Browse task-specific quickstarts in examples/README.md. Tiny datasets ship inside the package (see helix.datasets.available()), including dna/human.txt, dna/plasmid_demo.fna, and protein/demo_protein.faa for quick experiments with pandas, sklearn, or hydropathy charts.

Run Tests

pytest

Pytest powers translator and k-mer regression checks; feel free to add more as you create new helpers.

Benchmarks

python -m benchmarks.api_benchmarks --repeat 5 --warmup 1 --limit 0 \
  --out bench-results/api.json --summary-md bench-results/api.md

The benchmark harness now emits a schema-stamped payload (bench_result v1.0) that records commit SHA, dataset provenance, BLAS vendor, CPU/threads, locale, RNG seed, and per-case timing/RSS stats. Use --scenario dna_summary to focus on a subset, --limit 10000 to mimic CI’s faster sweep, and --summary-md to capture the Markdown table that CI publishes automatically.

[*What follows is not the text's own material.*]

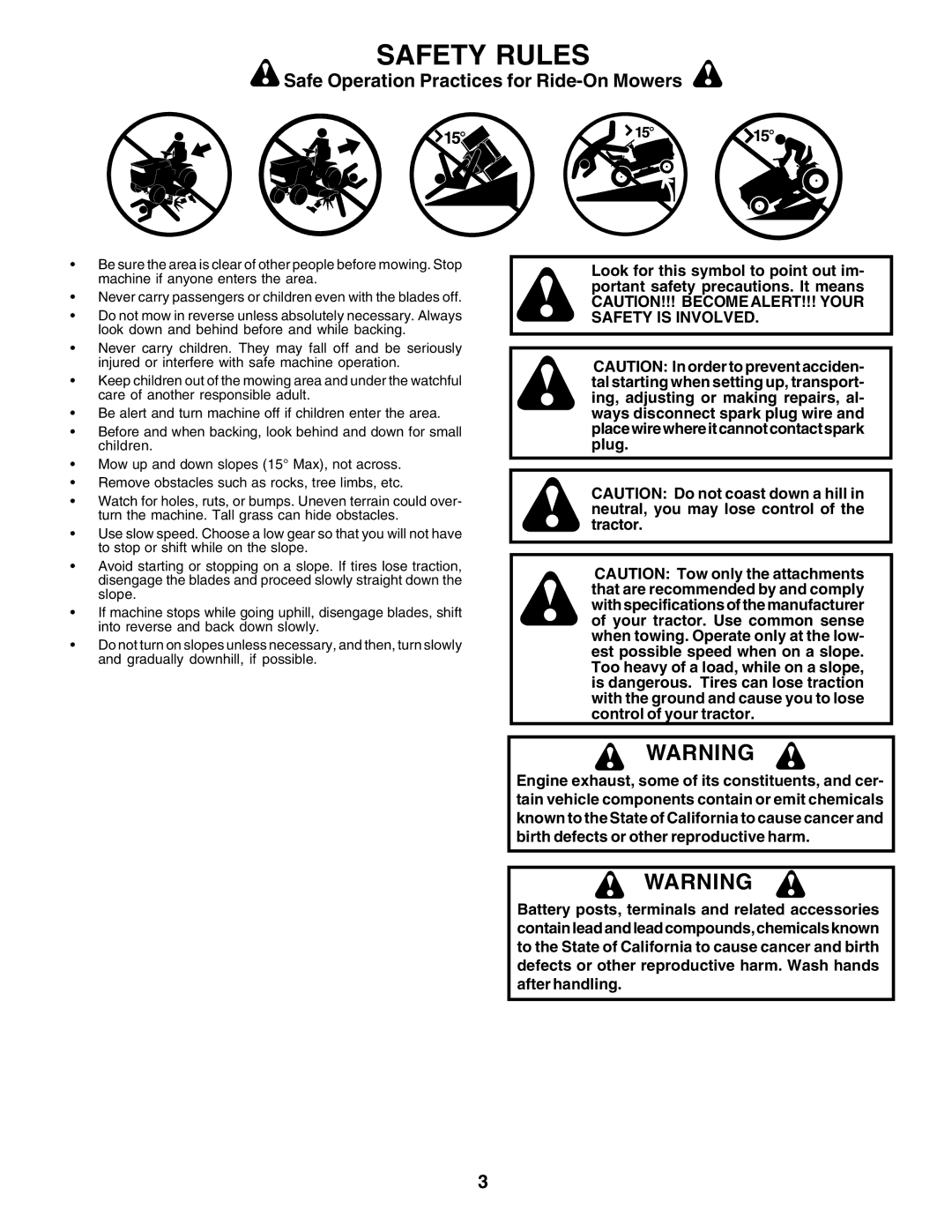 Poulan 176873 owner manual Safety Rules, Safe Operation Practices for Ride-On Mowers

CI drift tracking: the benchmarks GitHub Actions job pins OMP_NUM_THREADS/MKL_NUM_THREADS, seeds RNGs, runs the suite (repeat=3 by default, repeat=10 when bench_heavy=true via workflow_dispatch), uploads benchmarks/out/bench-$GITHUB_SHA.{json,md}, and appends the rendered Markdown summary to the workflow summary tab.
Regression gate: scripts/bench_check.py .bench/baseline.json benchmarks/out/latest.json --threshold 5 enforces a >+5 % slowdown limit and fails the workflow when hit. Update .bench/baseline.json whenever you intentionally change performance characteristics.
Heavier datasets: export HELIX_BENCH_DNA_FASTA / HELIX_BENCH_PROTEIN_FASTA (or pass them as workflow_dispatch inputs) to stress-test larger references. The benchmark JSON records the absolute paths and sizes so dashboards can keep apples-to-apples comparisons. Store private or future references under benchmarks/data/ and toggle them via bench_heavy=true when ready.
Dashboard: CI appends every main-branch run to docs/data/bench/history.csv; the published chart lives at docs/benchmarks.md.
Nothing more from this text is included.